The founder of Centurion Ministries, which seeks to free wrongly convicted prisoners, reflects on his winding professional journey: As a 37-year-old Vietnam veteran and unsatisfied businessman, McCloskey enrolled in 1980 at Princeton Theological Seminary and became chaplain at Trenton State Prison; there he met Jorge de los Santos, the first of 63 innocent convicts McCloskey helped exonerate. Bestselling crime writer John Grisham writes the forward.
... a riveting and infuriating examination of criminal prosecutions, revealing how easy it is to convict the wrong person and how nearly impossible it is to undo the error. It upends our naive and complacent view of prosecutions—or at least White views, since minorities have long had no such illusions ... By the end of his book, he has laid down story after story, layer after layer, until one comes to the settled conclusion that the foundation of our criminal justice system is deeply flawed ... The book is full of drama and hope—hope, honestly, I do not fully share. While some progressive prosecutors have been elected recently, the fundamental flaws that define our system remain: racism, tunnel vision, a rush to prosecute the easiest suspect, coverups of mistakes ... we need many more Jim McCloskeys and his counterparts at Centurion, and a return to the past.

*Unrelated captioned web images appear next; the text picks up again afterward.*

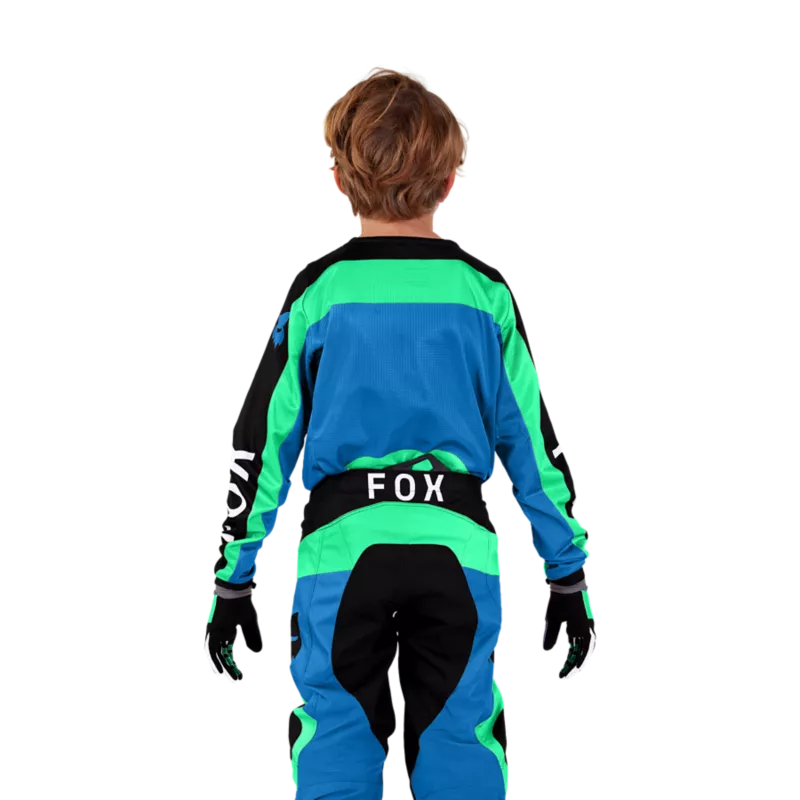 Tienerbroek 180 Ballast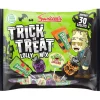 Swizzels Trick Or Treat Lolly Bag - Approx. 30 Lollies<Party Delights Clearance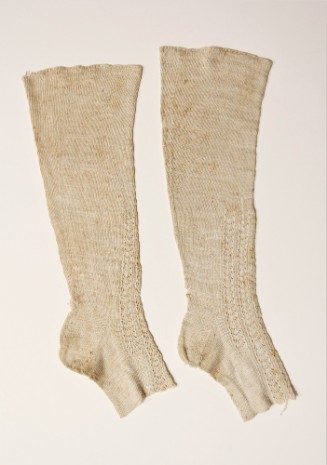 Stockings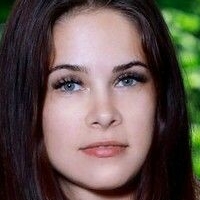Martina Mink Nue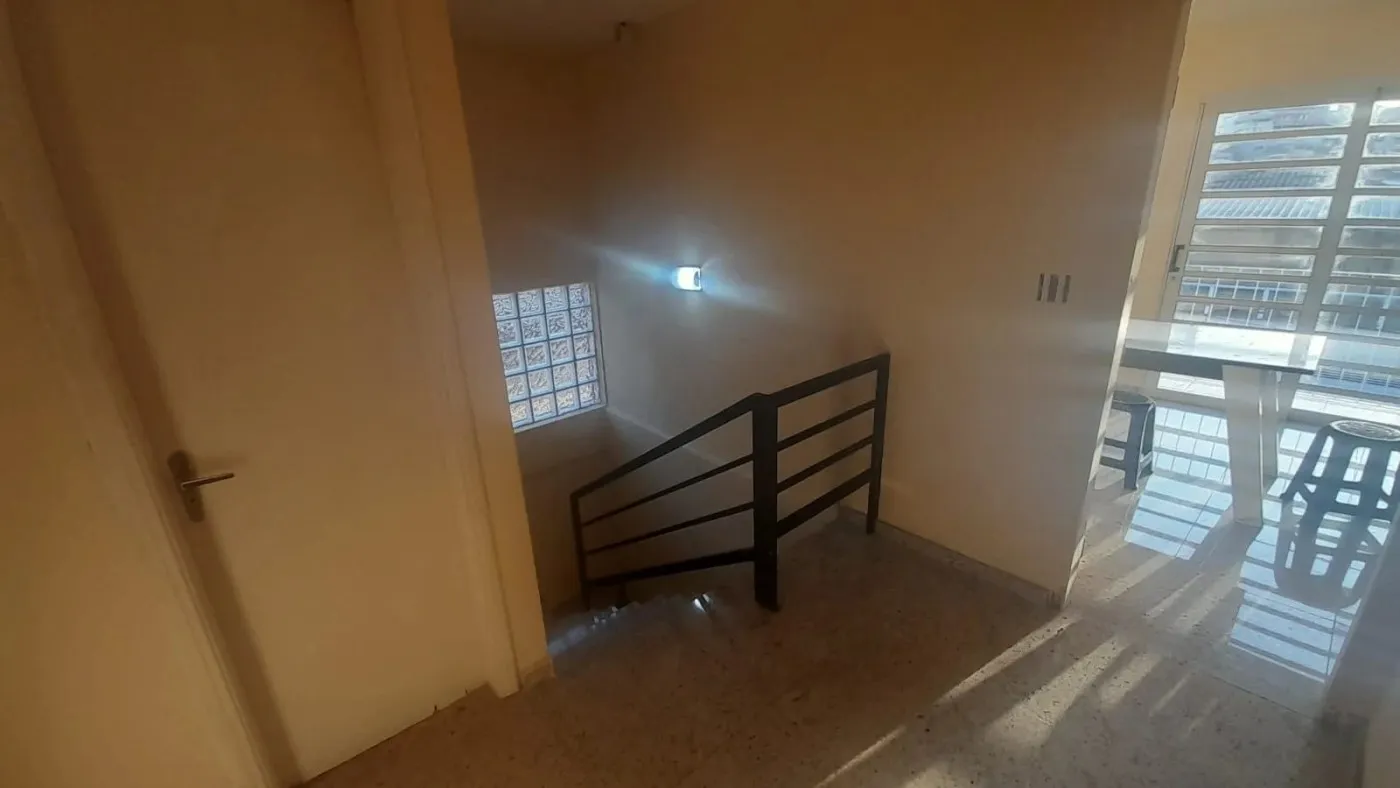 Imagem Casa para Venda em São Paulo, Perdizes, 5 dormitórios, 3 suítes, 4 banheiros, 2 vagas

Though generally broaching serious subjects, the writers are able to bring levity at appropriate moments, reflecting McCloskey's overall philosophy of hope ... McCloskey and Lerman's natural storytelling style make this an enjoyable read even when addressing tough subjects. This will be essential for collections focused on social justice, the wrongly convicted, and spiritual transformation.
A heartfelt and heart-rending story ... eye-opening, sometimes inspiring reading ... The author’s writing is conversational, forthright, and brusque, and his subject matter is humane, uncomfortable, and often raw ... Compassionate tales from a dedicated warrior for justice.